-- Opening Marker --

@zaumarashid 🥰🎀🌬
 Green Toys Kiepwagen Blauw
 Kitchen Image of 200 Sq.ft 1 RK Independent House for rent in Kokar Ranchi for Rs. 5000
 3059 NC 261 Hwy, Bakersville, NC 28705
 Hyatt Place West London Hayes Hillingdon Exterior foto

-- Closing Marker --

Copy the entries word for word. Leave nothing out.

@zaumarashid 🥰🎀🌬
 Green Toys Kiepwagen Blauw
 Kitchen Image of 200 Sq.ft 1 RK Independent House for rent in Kokar Ranchi for Rs. 5000
 3059 NC 261 Hwy, Bakersville, NC 28705
 Hyatt Place West London Hayes Hillingdon Exterior foto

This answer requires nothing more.